▸ TRY IT: Please reproduce the entries that follow without a single difference.
[PROVIDED MATERIAL Boundary: Start]
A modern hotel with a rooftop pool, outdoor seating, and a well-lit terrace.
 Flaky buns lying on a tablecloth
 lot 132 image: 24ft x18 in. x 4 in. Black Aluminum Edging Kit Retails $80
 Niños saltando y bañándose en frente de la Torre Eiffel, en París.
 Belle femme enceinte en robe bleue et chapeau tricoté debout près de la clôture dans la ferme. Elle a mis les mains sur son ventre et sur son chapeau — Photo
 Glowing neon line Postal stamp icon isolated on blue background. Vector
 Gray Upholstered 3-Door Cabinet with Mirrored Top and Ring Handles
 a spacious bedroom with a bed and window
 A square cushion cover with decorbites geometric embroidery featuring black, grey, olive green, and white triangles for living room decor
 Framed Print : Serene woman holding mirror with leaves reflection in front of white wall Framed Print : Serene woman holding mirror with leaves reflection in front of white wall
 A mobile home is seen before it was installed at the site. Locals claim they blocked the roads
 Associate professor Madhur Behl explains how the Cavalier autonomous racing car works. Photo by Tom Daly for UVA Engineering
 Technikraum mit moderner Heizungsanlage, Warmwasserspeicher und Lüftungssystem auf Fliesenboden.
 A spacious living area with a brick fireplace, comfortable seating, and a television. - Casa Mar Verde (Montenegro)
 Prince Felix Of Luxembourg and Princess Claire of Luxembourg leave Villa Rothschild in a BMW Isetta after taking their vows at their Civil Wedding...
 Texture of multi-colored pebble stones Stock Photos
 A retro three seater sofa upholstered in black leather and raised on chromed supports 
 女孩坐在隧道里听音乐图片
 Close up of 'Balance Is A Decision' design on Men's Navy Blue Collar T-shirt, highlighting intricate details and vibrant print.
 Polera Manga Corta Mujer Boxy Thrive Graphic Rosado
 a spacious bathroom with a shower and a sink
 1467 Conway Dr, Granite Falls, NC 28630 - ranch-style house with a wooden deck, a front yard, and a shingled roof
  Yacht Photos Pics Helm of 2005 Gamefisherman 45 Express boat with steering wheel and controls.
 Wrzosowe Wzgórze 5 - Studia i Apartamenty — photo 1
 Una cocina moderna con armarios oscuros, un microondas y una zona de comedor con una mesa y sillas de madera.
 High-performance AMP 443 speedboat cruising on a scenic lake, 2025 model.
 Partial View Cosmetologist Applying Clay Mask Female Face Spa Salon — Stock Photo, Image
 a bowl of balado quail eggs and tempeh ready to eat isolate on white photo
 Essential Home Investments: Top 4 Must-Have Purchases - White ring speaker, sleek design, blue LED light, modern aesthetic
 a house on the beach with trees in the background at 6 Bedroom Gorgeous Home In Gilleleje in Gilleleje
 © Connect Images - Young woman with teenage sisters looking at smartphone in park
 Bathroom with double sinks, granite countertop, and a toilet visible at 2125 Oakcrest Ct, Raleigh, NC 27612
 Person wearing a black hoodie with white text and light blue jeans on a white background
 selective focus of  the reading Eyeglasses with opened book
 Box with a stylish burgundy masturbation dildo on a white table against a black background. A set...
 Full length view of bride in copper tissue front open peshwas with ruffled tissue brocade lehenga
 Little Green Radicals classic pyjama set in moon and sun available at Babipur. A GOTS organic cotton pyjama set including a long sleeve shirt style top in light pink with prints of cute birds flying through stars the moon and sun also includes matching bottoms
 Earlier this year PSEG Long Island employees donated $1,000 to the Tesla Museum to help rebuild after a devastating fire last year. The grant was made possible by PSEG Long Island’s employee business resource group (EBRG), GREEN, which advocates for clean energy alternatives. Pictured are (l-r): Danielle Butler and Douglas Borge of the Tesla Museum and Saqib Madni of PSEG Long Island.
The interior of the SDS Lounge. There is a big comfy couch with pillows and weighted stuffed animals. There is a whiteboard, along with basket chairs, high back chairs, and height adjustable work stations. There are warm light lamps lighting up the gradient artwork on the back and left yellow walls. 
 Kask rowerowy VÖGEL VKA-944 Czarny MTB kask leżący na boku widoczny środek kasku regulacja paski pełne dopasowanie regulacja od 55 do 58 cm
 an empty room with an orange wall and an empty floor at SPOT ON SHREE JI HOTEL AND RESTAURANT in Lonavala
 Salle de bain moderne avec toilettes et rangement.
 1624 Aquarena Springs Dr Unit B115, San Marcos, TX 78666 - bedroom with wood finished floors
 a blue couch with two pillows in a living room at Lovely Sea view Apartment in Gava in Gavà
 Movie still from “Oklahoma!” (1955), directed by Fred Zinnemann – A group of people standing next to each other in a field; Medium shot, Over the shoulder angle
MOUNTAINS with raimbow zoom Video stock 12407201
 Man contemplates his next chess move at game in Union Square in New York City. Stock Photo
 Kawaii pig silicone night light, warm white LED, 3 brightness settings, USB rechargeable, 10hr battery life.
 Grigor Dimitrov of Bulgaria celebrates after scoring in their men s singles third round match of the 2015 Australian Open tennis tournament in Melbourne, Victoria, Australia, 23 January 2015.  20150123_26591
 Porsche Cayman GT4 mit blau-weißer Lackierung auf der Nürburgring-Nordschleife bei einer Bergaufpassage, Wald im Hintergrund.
[PROVIDED MATERIAL Boundary: End]
▸ WRITTEN ANSWER:
A modern hotel with a rooftop pool, outdoor seating, and a well-lit terrace.
 Flaky buns lying on a tablecloth
 lot 132 image: 24ft x18 in. x 4 in. Black Aluminum Edging Kit Retails $80
 Niños saltando y bañándose en frente de la Torre Eiffel, en París.
 Belle femme enceinte en robe bleue et chapeau tricoté debout près de la clôture dans la ferme. Elle a mis les mains sur son ventre et sur son chapeau — Photo
 Glowing neon line Postal stamp icon isolated on blue background. Vector
 Gray Upholstered 3-Door Cabinet with Mirrored Top and Ring Handles
 a spacious bedroom with a bed and window
 A square cushion cover with decorbites geometric embroidery featuring black, grey, olive green, and white triangles for living room decor
 Framed Print : Serene woman holding mirror with leaves reflection in front of white wall Framed Print : Serene woman holding mirror with leaves reflection in front of white wall
 A mobile home is seen before it was installed at the site. Locals claim they blocked the roads
 Associate professor Madhur Behl explains how the Cavalier autonomous racing car works. Photo by Tom Daly for UVA Engineering
 Technikraum mit moderner Heizungsanlage, Warmwasserspeicher und Lüftungssystem auf Fliesenboden.
 A spacious living area with a brick fireplace, comfortable seating, and a television. - Casa Mar Verde (Montenegro)
 Prince Felix Of Luxembourg and Princess Claire of Luxembourg leave Villa Rothschild in a BMW Isetta after taking their vows at their Civil Wedding...
 Texture of multi-colored pebble stones Stock Photos
 A retro three seater sofa upholstered in black leather and raised on chromed supports 
 女孩坐在隧道里听音乐图片
 Close up of 'Balance Is A Decision' design on Men's Navy Blue Collar T-shirt, highlighting intricate details and vibrant print.
 Polera Manga Corta Mujer Boxy Thrive Graphic Rosado
 a spacious bathroom with a shower and a sink
 1467 Conway Dr, Granite Falls, NC 28630 - ranch-style house with a wooden deck, a front yard, and a shingled roof
  Yacht Photos Pics Helm of 2005 Gamefisherman 45 Express boat with steering wheel and controls.
 Wrzosowe Wzgórze 5 - Studia i Apartamenty — photo 1
 Una cocina moderna con armarios oscuros, un microondas y una zona de comedor con una mesa y sillas de madera.
 High-performance AMP 443 speedboat cruising on a scenic lake, 2025 model.
 Partial View Cosmetologist Applying Clay Mask Female Face Spa Salon — Stock Photo, Image
 a bowl of balado quail eggs and tempeh ready to eat isolate on white photo
 Essential Home Investments: Top 4 Must-Have Purchases - White ring speaker, sleek design, blue LED light, modern aesthetic
 a house on the beach with trees in the background at 6 Bedroom Gorgeous Home In Gilleleje in Gilleleje
 © Connect Images - Young woman with teenage sisters looking at smartphone in park
 Bathroom with double sinks, granite countertop, and a toilet visible at 2125 Oakcrest Ct, Raleigh, NC 27612
 Person wearing a black hoodie with white text and light blue jeans on a white background
 selective focus of  the reading Eyeglasses with opened book
 Box with a stylish burgundy masturbation dildo on a white table against a black background. A set...
 Full length view of bride in copper tissue front open peshwas with ruffled tissue brocade lehenga
 Little Green Radicals classic pyjama set in moon and sun available at Babipur. A GOTS organic cotton pyjama set including a long sleeve shirt style top in light pink with prints of cute birds flying through stars the moon and sun also includes matching bottoms
 Earlier this year PSEG Long Island employees donated $1,000 to the Tesla Museum to help rebuild after a devastating fire last year. The grant was made possible by PSEG Long Island’s employee business resource group (EBRG), GREEN, which advocates for clean energy alternatives. Pictured are (l-r): Danielle Butler and Douglas Borge of the Tesla Museum and Saqib Madni of PSEG Long Island.
The interior of the SDS Lounge. There is a big comfy couch with pillows and weighted stuffed animals. There is a whiteboard, along with basket chairs, high back chairs, and height adjustable work stations. There are warm light lamps lighting up the gradient artwork on the back and left yellow walls. 
 Kask rowerowy VÖGEL VKA-944 Czarny MTB kask leżący na boku widoczny środek kasku regulacja paski pełne dopasowanie regulacja od 55 do 58 cm
 an empty room with an orange wall and an empty floor at SPOT ON SHREE JI HOTEL AND RESTAURANT in Lonavala
 Salle de bain moderne avec toilettes et rangement.
 1624 Aquarena Springs Dr Unit B115, San Marcos, TX 78666 - bedroom with wood finished floors
 a blue couch with two pillows in a living room at Lovely Sea view Apartment in Gava in Gavà
 Movie still from “Oklahoma!” (1955), directed by Fred Zinnemann – A group of people standing next to each other in a field; Medium shot, Over the shoulder angle
MOUNTAINS with raimbow zoom Video stock 12407201
 Man contemplates his next chess move at game in Union Square in New York City. Stock Photo
 Kawaii pig silicone night light, warm white LED, 3 brightness settings, USB rechargeable, 10hr battery life.
 Grigor Dimitrov of Bulgaria celebrates after scoring in their men s singles third round match of the 2015 Australian Open tennis tournament in Melbourne, Victoria, Australia, 23 January 2015.  20150123_26591
 Porsche Cayman GT4 mit blau-weißer Lackierung auf der Nürburgring-Nordschleife bei einer Bergaufpassage, Wald im Hintergrund.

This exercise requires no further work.